Seit dem Mittelalter waren Insignien an den Universitäten Würde- und Hoheitszeichen, die die privilegierte Stellung der Institution innerhalb der Gesellschaft sichtbar machen sollten. So wie die Krone des Königs oder der Stab des Bischofs stehen sie für Macht und Selbstverwaltung. Auch unsere Universität verfügt über Insignien: die Universitätszepter aus dem Jahr 1476, die in der Dauerausstellung in der Kunstsammlung im Rektoratsgebäude ausgestellt werden oder die Siegel und kostbaren Matrikel- und Statutenbücher aus verschiedenen Jahrhunderten im Universitätsarchiv. Obwohl die Rektorkette unserer Universität, wohl auch wegen ihrer Gestaltung im Stil der Neorenaissance, ebenfalls wie eine altehrwürdige Insignie aus der Gründungszeit wirkt, ist sie erst im 19. Jahrhundert entstanden.

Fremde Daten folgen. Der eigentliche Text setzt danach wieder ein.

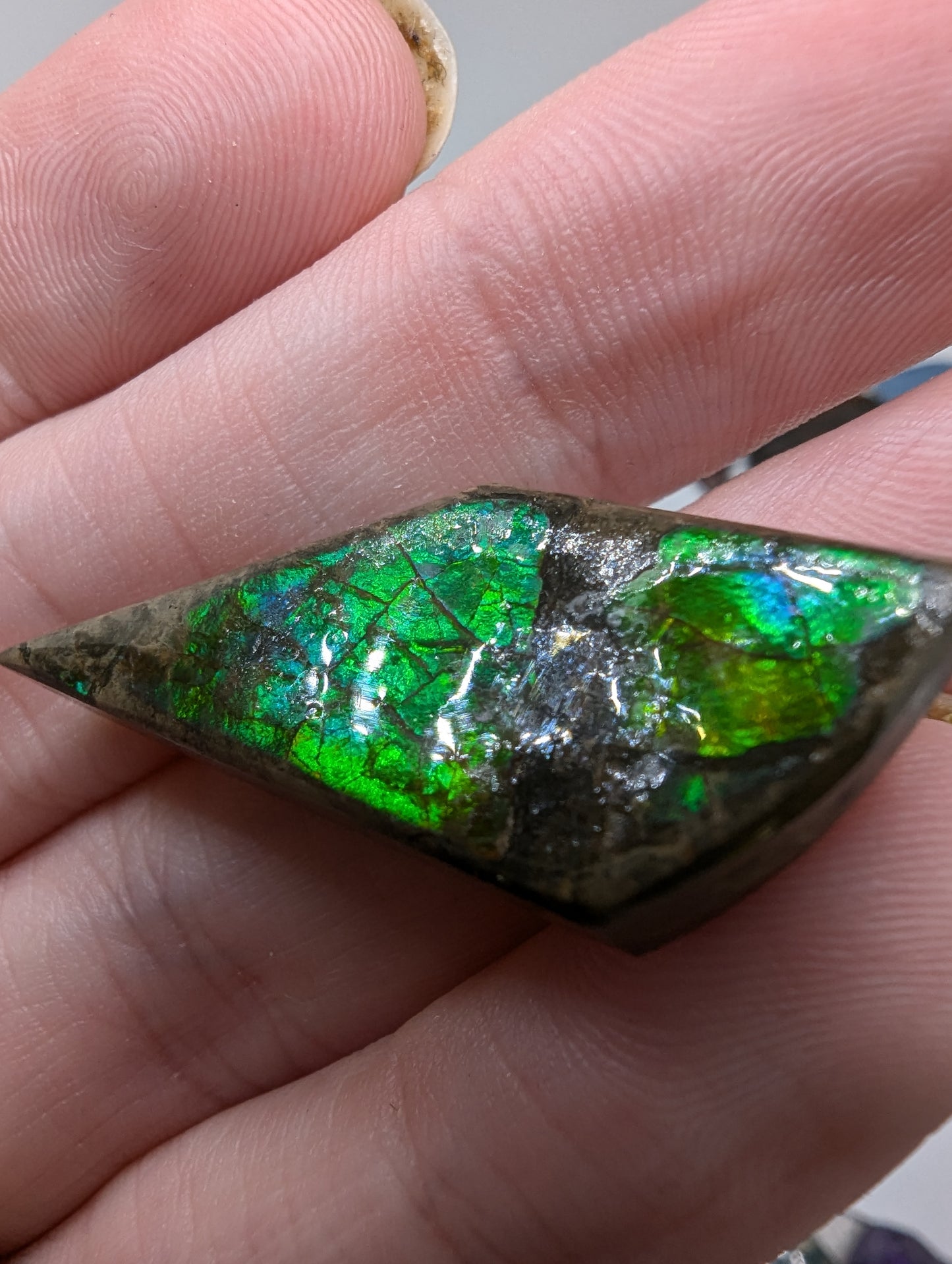 Ammolite Cabochon - Green Flash - 28.8cts(5.7g) - 37*16*8mm - USA! - U49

Der Ursprung der Rektorketten ist wohl in den „Gnadenketten“ begründet – von den Landesherren verliehene Auszeichnungen, die allerdings einer bestimmten Person und nicht einem Amtsträger galten. Sie hatten als Anhänger häufig eine Medaille oder ein Medaillon mit dem Bild des jeweiligen Herrschers. Bei den Rektorketten handelt es sich jedoch um Amtsketten, die an die Funktion gebunden sind und von einem Amtsinhaber, von einem/r Rektor/in zum/zur nächsten weitergereicht werden. Ähnliche Ketten sind auch für das Amt des Bürgermeisters üblich. Der genaue Ursprung der Rektorketten ist bisher nicht geklärt, sie wurden wohl ab dem 16. Jahrhundert vereinzelt eingeführt und im 19. Jahrhundert, auch in Zusammenhang mit einigen Universitätsneugründungen, zu einem neuen Standard.

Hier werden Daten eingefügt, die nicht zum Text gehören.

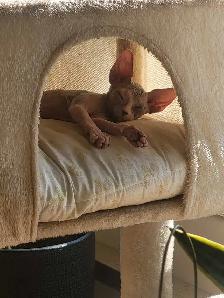 Sphynx Kittens - Photo 3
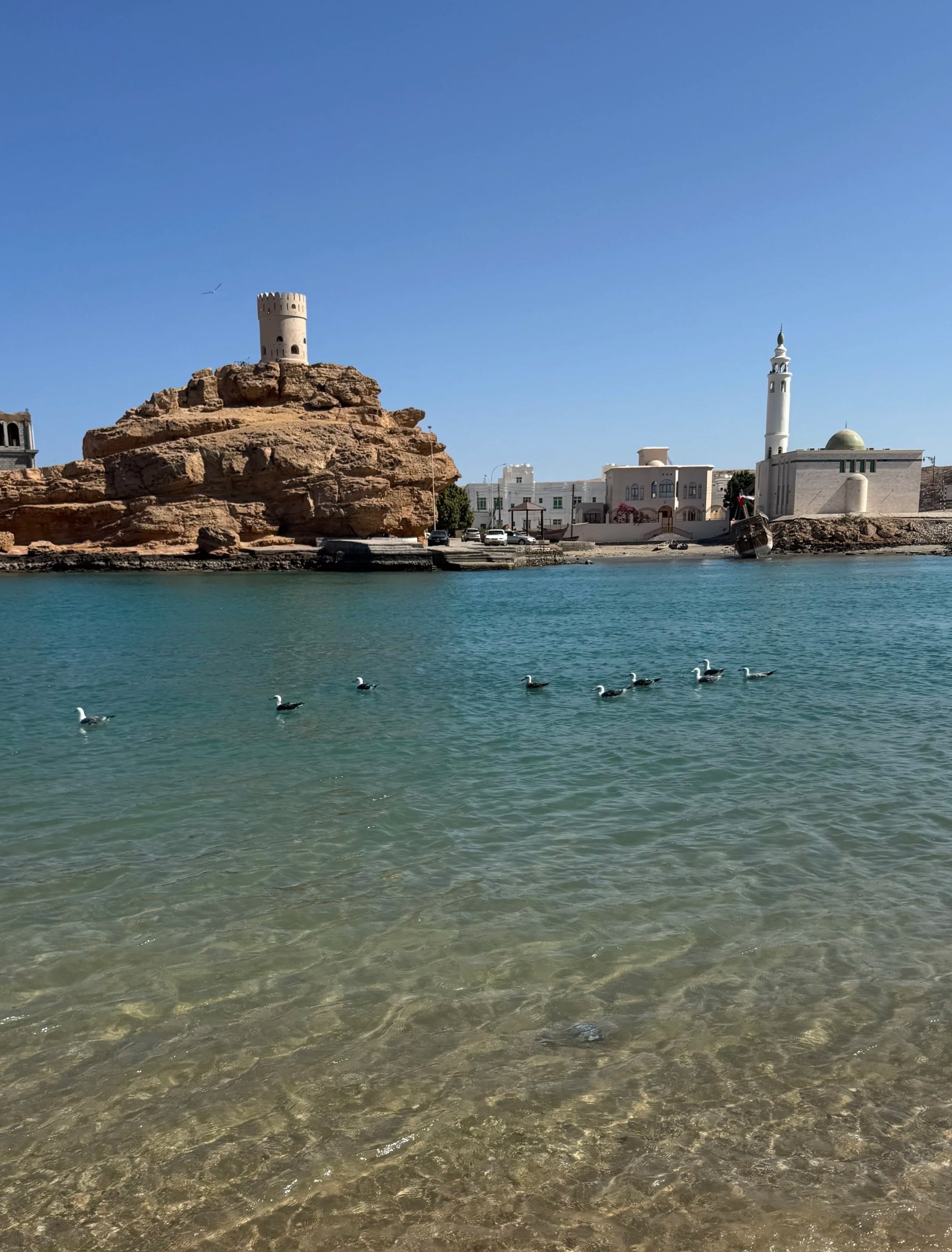 Klares Wasser mit Enten, im Hintergrund eine weiße Moschee und eine alte Festung auf einem Felsen.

Im Auftrag des Königs von Sachsen: Eine Kette aus 14-karätigem Gold, Rubinen und Smaragden
Die Rektorkette der Universität Leipzig wurde 1855 im Auftrag König Johanns von Sachsen (1801—1873) ein Jahr nach seinem Regierungsantritt geschaffen. Er hatte eine enge Bindung zur Leipziger Universität, die seit 1830 in Folge der sächsischen Staatsreformen zur Landesuniversität erklärt worden war. Schon von Kindesbeinen an war er immatrikuliert, hat aber nie ein Universitätsstudium absolviert. Jedoch hatte er ein ausgeprägtes wissenschaftliches Interesse, beschäftigte sich mit Geschichte und Sprachstudien, und seine Dante-Übersetzungen aus dem Italienischen, der „Göttlichen Komödie“ und des „Inferno“, wurden in wissenschaftlichen Kreisen hoch gelobt. Der König soll die Kette aus seiner Privatschatulle finanziert haben und überreichte sie als Geschenk, als „Zeichen des Bandes zwischen Universität und Königshaus“ am 27. Dezember 1855 in Dresden feierlich einer Deputation, bestehend aus dem Rektor und den Dekanen der vier Fakultäten.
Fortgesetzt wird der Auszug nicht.